Good news! I reproduced what I was seeing in production: sometimes, the dynos
value came back as a string (number in quotes) rather than a number as we expected. Just to make sure, I ran the old test (for a team where the dyno usage was an integer), and the assert_schema_conform
check passed. So in that case, the dynos
value was a number like the schema expected. Good news again! I reproduced the case where the dynos
value was a number. Now to figure out why….
Because both responses were passing through the same serializer, the only possible answer was that something was happening in the JSON parsing of these values. In our endpoints, we serialize responses and then call MultiJson.dump(object)
. MultiJson is just “a generic swappable back-end for JSON handling” so in order to debug further I needed to look at which parsing adapter we were using. In our case, it was Oj.
In an irb
session, I ran the following:
require 'multi_json'
=> true
MultiJson.use :oj
=> MultiJson::Adapters::Oj
MultiJson.load('0').class
=> Integer
MultiJson.load('1967.44').class
=> Float
MultiJson.load('1967.4409999999837').class
=> BigDecimal
That all looks as expected. But when digging further, my issue became more obvious:
MultiJson.dump(MultiJson.load('0'))
=> "0"
irb(main):002:0> MultiJson.dump(MultiJson.load('1967.44'))
=> "1967.44"
MultiJson.dump(MultiJson.load('1967.4409999999837'))
=> ""1967.4409999999837""
Bingo! MultiJson is parsing numbers with many decimal places (a BigDecimal) differently from other numbers (note the extra set of quotes around the return value).

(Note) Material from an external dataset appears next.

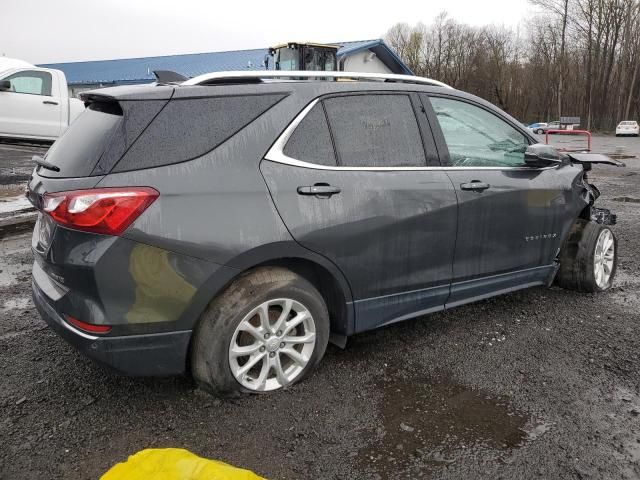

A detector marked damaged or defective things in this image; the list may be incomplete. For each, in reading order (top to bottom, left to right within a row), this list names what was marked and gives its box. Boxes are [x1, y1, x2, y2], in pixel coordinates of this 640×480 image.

damaged front wheel [556, 220, 616, 292]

After looking through the Oj repo, I found the following comment from the maintainer:
the json gem and Rails use a string format for BigDecimal. Oj now does its best to mimic both so it now returns a string as well.
Although our API does not run on Rails, I was interested to know why Rails parses BigDecimals as strings. From the docs:
A BigDecimal would be naturally represented as a JSON number. Most libraries, however, parse non-integer JSON numbers directly as floats. Clients using those libraries would get in general a wrong number and no way to recover other than manually inspecting the string with the JSON code itself.
That’s why a JSON string is returned. The JSON literal is not numeric, but if the other end knows by contract that the data is supposed to be a BigDecimal, it still has the chance to post-process the string and get the real value.
In short, Oj parses BigDecimals as strings because Rails parses BigDecimals as strings. And Rails parses BigDecimals as strings to allow greater specificity.
If our API endpoint wanted to have the greatest level of specificity possible, it’s likely we would have kept this default behavior and perhaps cast all values of this field as strings. While it is possible to define a field in JSON Schema as being either a string or a number, doing so would not be desireable in terms of API design. This is because it is good API design to always return the same data type for a given value (i.e., the API consumer may not always know which number they will receive, but they know it will always be a number rather than a string, array, hash, etc.).
Floating point numbers in Ruby are limited to a precision of 15 decimal places and, for the dyno
value in this API endpoint, 15 decimal places was plenty, so casting as a float was fine. To prevent Oj from casting BigDecimals as strings, we updated our app’s MultiJson config to:
MultiJson.use :oj
MultiJson.load_options = {
bigdecimal_load: :float,
}
And when I re-ran the assert_schema_conform
test for a team with a BigDecimal dyno
value, it passed, so I knew that our schema, and therefore our docs, were reflecting the real returned values from our API.
Heroku’s use of JSON Schema, prmd, and the committee gem made it easy to test, validate, and document that the API was now parsing BigDecimals as floats rather than strings.